2.3.02
The real axis of evil
a targeted SUIT column by Chris Jungle

President Bush gave his State of the Union address on Tuesday, and he apparently found out where all the evil comes from. He said 'with states like Iraq, Iran and North Korea, who needs enemies?' or something to that effect. This Axis of Evil and the terrorists who love them are supposedly responsible for all the bad things going on.

I agree that these three nations are not really conducive to the American way of life, but we're already accustomed to their brands of evil. North Korea has their mountain of nuclear weapons and sells weapons freely (much like my hometown of Albuquerque), Iran has their freaky religious fanatics (much like Utah), and Iraq has Saddam (sounds just like Sodom to those in the Bible Belt). These three nations and all their evil put together could not muster much of a fight against our effective bomb-them-from-the-sky strategy.

President Bush is trying to put a face on evil, but this is not World War II. Saddam is not Hitler, Iran is not Italy, and North Korea is not Japan. I know he is incorporating the tough talk rhetoric, but our problems as a nation and world have less to do with rogue nations and more to do with the lack of basic needs.

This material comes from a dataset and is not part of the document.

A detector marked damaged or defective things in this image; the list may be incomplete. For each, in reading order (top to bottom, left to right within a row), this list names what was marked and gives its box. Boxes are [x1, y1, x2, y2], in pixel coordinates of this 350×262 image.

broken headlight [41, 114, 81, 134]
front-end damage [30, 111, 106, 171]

Axis of Evil should have names like War, Pestilence, Famine, and Death. We've already declared an ambiguous war on terror. Why don't we have a war on something like corruption. Ken Lay is still walking around a free man, even though he and his executives have committed horrendous atrocities to the American people. But the corporate malevolence isn't considered evil, that's just bad business.

In Albuquerque, the school district is shot to hell. The superintendent admitted in a letter to the media this week that he had been abusing alcohol and prescription drugs due to the stress of dealing with school board. Is this considered evil? Not really; it's just a delicate situation. Right now, he has been suspended with pay until someone figures out what to do.

Where is the evil? According to President Bush, they are in states like Iraq, Iran, and North Korea. Not in our corporations. Not in our school systems. Not in our back yard.

The truth is that Americans commit more atrocities to Americans than the rest of the world combined could even imagine doing to us. What's worse is that we don't even care about it as much when we do it to ourselves. If some towelhead or slanty-eyed bastard encroaches on our freedom, however, then by God, we're going to give them what for and then some. If our millionaires and billionaires pay off our government to have outcomes benefit them more than the rest of us, well, that's okay and worthy of a handshake.

Evil is everywhere. I've seen it in the fanciest places in town. I've seen it in the worst places in town. I've seen it on street corners, in cars, shopping centers, the post office, churches, parks, front yards and sporting events. It may not be as blatant or detrimental as a terrorist attack, but the collective power of what we do to ourselves makes the new Axis of Evil look lame.

Instead of a war on hunger, we will fight in the Philippines. Instead of doing battle with Ignorance, Racism and Intolerance, we will impose sanctions on Iran. Instead of taking a proactive approach to pollution and depleting water supplies, we will be proactive about stopping Iraq. Instead of fixing ourselves, we will fix the world. We will eliminate evil. How? By killing it.

Killing evil. That's our plan. Somewhere, the real evil is laughing its destructive head off.


Chris Jungle has lived with evil for years, and evil never pays its share of the rent.